* Your task: Transcribe verbatim the span of lines that opens with the line containing "Vintage ,La Capsule" and closes with the last line of the data below.

[Recorded data]
==========

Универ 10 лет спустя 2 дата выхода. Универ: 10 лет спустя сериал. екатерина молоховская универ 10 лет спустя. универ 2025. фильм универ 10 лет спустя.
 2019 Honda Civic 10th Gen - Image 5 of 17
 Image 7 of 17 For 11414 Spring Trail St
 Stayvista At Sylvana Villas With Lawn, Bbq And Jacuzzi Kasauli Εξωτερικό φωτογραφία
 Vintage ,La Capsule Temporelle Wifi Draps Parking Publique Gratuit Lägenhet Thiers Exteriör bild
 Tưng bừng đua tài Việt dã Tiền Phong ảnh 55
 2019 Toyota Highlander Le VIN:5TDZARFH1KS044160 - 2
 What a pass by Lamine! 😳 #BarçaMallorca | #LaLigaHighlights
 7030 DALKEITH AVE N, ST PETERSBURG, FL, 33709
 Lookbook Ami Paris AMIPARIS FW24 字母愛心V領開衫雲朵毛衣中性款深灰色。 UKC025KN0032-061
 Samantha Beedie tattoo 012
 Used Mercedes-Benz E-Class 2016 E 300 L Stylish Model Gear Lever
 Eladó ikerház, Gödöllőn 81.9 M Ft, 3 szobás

==========

* Final answer:
 Vintage ,La Capsule Temporelle Wifi Draps Parking Publique Gratuit Lägenhet Thiers Exteriör bild
 Tưng bừng đua tài Việt dã Tiền Phong ảnh 55
 2019 Toyota Highlander Le VIN:5TDZARFH1KS044160 - 2
 What a pass by Lamine! 😳 #BarçaMallorca | #LaLigaHighlights
 7030 DALKEITH AVE N, ST PETERSBURG, FL, 33709
 Lookbook Ami Paris AMIPARIS FW24 字母愛心V領開衫雲朵毛衣中性款深灰色。 UKC025KN0032-061
 Samantha Beedie tattoo 012
 Used Mercedes-Benz E-Class 2016 E 300 L Stylish Model Gear Lever
 Eladó ikerház, Gödöllőn 81.9 M Ft, 3 szobás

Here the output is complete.